DESCRIPTION OF THE TASK
Using the listing below, retype exactly the lines starting at the one with "2010 Dodge Journey" and ending at the one with "d&rsquo;excellence verri&egrave;re !", and include both.

START DATA UNDER STUDY

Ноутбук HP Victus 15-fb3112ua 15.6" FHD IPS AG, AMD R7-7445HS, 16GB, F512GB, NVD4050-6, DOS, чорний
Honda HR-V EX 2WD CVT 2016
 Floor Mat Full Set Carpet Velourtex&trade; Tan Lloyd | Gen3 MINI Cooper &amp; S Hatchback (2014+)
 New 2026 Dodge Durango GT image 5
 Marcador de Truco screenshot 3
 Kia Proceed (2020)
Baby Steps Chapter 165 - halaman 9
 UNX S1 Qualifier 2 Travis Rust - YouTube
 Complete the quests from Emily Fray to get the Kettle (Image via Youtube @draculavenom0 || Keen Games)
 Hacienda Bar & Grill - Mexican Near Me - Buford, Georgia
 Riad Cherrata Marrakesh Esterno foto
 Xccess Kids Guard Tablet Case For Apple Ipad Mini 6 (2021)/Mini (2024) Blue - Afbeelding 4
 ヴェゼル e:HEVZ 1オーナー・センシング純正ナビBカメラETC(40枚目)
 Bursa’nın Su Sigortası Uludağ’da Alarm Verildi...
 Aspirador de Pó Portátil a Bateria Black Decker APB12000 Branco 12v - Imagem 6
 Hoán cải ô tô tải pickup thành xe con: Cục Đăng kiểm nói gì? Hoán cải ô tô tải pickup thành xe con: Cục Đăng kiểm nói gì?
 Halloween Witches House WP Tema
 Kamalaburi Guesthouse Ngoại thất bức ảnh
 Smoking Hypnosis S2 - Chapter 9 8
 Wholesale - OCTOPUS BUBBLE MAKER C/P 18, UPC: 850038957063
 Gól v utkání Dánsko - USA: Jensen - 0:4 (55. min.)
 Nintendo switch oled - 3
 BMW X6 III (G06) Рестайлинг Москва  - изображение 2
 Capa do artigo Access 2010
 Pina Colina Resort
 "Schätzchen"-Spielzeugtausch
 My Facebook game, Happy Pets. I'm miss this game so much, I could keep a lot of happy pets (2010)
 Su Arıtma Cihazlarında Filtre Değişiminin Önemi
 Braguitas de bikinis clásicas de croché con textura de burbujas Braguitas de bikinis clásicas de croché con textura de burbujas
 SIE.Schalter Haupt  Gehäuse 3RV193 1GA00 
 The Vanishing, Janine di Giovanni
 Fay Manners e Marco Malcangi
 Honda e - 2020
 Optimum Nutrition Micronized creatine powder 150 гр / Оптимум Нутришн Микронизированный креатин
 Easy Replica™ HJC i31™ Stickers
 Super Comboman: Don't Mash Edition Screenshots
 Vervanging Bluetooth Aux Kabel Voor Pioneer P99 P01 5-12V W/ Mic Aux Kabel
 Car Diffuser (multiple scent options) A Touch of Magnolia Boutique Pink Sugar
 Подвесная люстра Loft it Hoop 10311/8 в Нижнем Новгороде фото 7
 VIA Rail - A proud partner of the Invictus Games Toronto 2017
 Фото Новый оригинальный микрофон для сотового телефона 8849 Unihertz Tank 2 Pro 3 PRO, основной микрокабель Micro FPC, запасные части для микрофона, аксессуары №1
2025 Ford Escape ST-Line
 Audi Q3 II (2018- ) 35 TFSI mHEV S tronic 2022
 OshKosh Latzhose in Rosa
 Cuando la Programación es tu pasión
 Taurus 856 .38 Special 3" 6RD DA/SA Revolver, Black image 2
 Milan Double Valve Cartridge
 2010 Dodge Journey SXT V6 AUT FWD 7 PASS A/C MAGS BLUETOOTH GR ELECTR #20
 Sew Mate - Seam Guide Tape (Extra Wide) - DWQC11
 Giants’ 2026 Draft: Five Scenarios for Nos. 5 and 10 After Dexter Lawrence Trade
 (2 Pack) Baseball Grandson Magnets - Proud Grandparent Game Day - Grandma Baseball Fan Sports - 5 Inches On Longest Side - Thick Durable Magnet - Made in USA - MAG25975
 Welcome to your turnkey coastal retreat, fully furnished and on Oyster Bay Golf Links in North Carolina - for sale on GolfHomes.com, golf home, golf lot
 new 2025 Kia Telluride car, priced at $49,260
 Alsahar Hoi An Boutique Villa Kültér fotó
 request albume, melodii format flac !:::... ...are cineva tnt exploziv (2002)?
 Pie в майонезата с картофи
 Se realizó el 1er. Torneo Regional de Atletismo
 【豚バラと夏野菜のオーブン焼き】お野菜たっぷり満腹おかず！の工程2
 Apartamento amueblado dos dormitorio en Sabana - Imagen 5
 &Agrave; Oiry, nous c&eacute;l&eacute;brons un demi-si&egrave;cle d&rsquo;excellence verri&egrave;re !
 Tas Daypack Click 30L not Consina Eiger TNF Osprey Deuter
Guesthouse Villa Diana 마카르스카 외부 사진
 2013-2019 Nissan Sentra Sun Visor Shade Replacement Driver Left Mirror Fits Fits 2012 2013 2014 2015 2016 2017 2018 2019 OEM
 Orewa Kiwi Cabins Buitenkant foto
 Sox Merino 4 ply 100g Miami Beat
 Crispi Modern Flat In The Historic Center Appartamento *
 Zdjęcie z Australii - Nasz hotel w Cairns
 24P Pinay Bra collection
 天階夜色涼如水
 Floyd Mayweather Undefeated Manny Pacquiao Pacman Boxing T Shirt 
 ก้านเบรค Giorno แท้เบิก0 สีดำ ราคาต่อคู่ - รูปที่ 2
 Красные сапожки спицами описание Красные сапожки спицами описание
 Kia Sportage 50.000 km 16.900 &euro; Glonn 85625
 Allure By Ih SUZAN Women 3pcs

END DATA UNDER STUDY

ANSWER SECTION
 2010 Dodge Journey SXT V6 AUT FWD 7 PASS A/C MAGS BLUETOOTH GR ELECTR #20
 Sew Mate - Seam Guide Tape (Extra Wide) - DWQC11
 Giants’ 2026 Draft: Five Scenarios for Nos. 5 and 10 After Dexter Lawrence Trade
 (2 Pack) Baseball Grandson Magnets - Proud Grandparent Game Day - Grandma Baseball Fan Sports - 5 Inches On Longest Side - Thick Durable Magnet - Made in USA - MAG25975
 Welcome to your turnkey coastal retreat, fully furnished and on Oyster Bay Golf Links in North Carolina - for sale on GolfHomes.com, golf home, golf lot
 new 2025 Kia Telluride car, priced at $49,260
 Alsahar Hoi An Boutique Villa Kültér fotó
 request albume, melodii format flac !:::... ...are cineva tnt exploziv (2002)?
 Pie в майонезата с картофи
 Se realizó el 1er. Torneo Regional de Atletismo
 【豚バラと夏野菜のオーブン焼き】お野菜たっぷり満腹おかず！の工程2
 Apartamento amueblado dos dormitorio en Sabana - Imagen 5
 &Agrave; Oiry, nous c&eacute;l&eacute;brons un demi-si&egrave;cle d&rsquo;excellence verri&egrave;re !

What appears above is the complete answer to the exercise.